Thanks for digging into this @cgcgcg . I think it makes sense to reopen the issue - do you agree? Unless we want to open a separate Trilinos one.
Sure, let's reopen.
We need to understand why these tests set up a MueLu preconditioner for a singular matrix, and then not use the preconditioner. @ikalash do you have time to look into it?
We need to understand why these tests set up a MueLu preconditioner for a singular matrix, and then not use the preconditioner. @ikalash do you have time to look into it?
Perhaps I misunderstood what @cgcgcg wrote, but it seems that it is the matrix at the coarsest grid level that is singular. Is that right? If so, would that suggest that there is something wrong with the matrix problem being solved using the AMG?
Sorry, I should have explained better. The problem is so small that this is a one-level method. The matrix is supplied by Albany.
Sorry, I should have explained better. The problem is so small that this is a one-level method.

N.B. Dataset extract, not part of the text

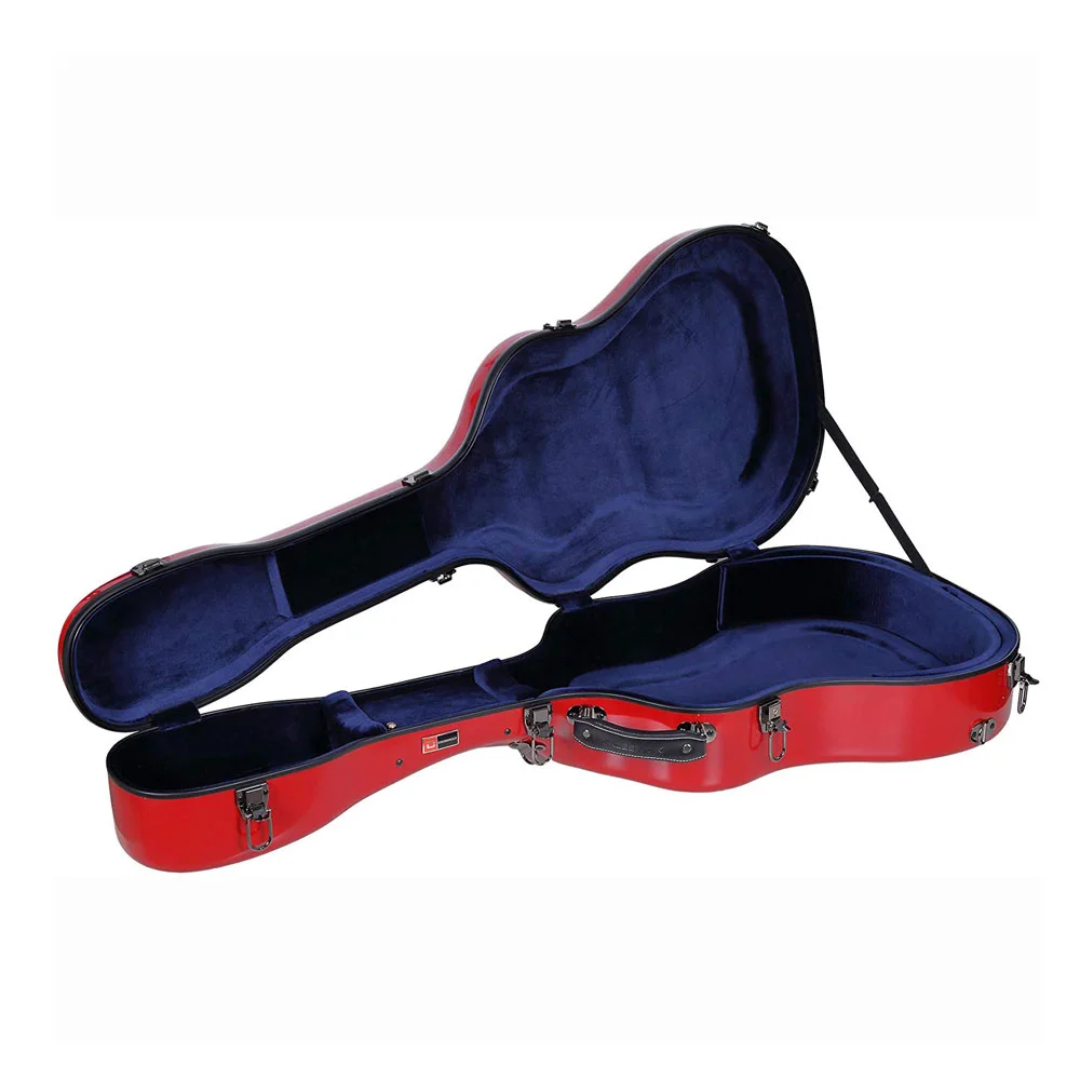 Estuche Crossrock Fibra de Vidrio Para Guitarra Acústica Dreadnought Color Rojo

The matrix is supplied by Albany.
That's interesting. How was it working before? Was it because an iterative solve rather than a direct solve was done? Is there a branch/fork of Trilinos I can use to see the singularity / failure?
The failure was triggered by MueLu switching the factorization of the coarse grid from first solve to setup. So it seems like Albany is constructing the preconditioner, but then doesn't use it to solve a system. I can provide a patch against Trilinos tomorrow morning that triggers the behavior.
The failure was triggered by MueLu switching the factorization of the coarse grid from first solve to setup. So it seems like Albany is constructing the preconditioner, but then doesn't use it to solve a system. I can provide a patch against Trilinos tomorrow morning that triggers the behavior.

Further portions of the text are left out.